I'm trying to implement a function to compute the cotangents of vectors (the mathematical ones) via the standard formula:
cot(a, b) = (a * b) / |a x b|, where a and b are vectors
A colleague told me that calculating 1/|a x b|
is not the best thing to give a computer to calculate. Another alternative coming to my head is first calculating the angle and than using cotan functions for radians angles.
What would be the method of choice here? (Is there maybe another one, other than the mentioned ones)
You probably want to take the cotangent of the angle between two vectors.
You can indeed first compute the angle with
Angle= atan(cross / dot)
or better
Angle= atan2(cross, dot)
This angle can also be obtained as the difference of the directions of the two vectors
Angle= atan2(by, bx) - atan2(ay, ax)
Then take the cotangent
1. / tan(Angle)
or the tangent of the complementary angle
tan(atan2(dot, cross))
Anyway, think that this involves the evaluation of two or three transcendental functions, which is costly and less accurate.

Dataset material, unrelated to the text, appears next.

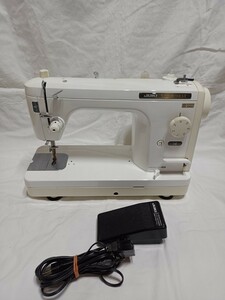 ★JUKI ジューキ SPUR98 SX 職業用ミシン、フットペダル付き。自動糸切り機能、針位置ボタン。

From the third equation above, you can derive
cotan(Angle)= (1 + by/bx.ay/ax) / (by/bx - ay/ax)
This is just a rewrite of your initial formula, but more costly (3 divisions) and that can fail for more angles.
So
(ax bx + ay by) / (ax by - ay bx)
is definitely the faster and safer approach.
Unless there are special circumstances like low accuracy being enough, other expressions being computed at the same time or conditions on the vectors, I don't see a better way.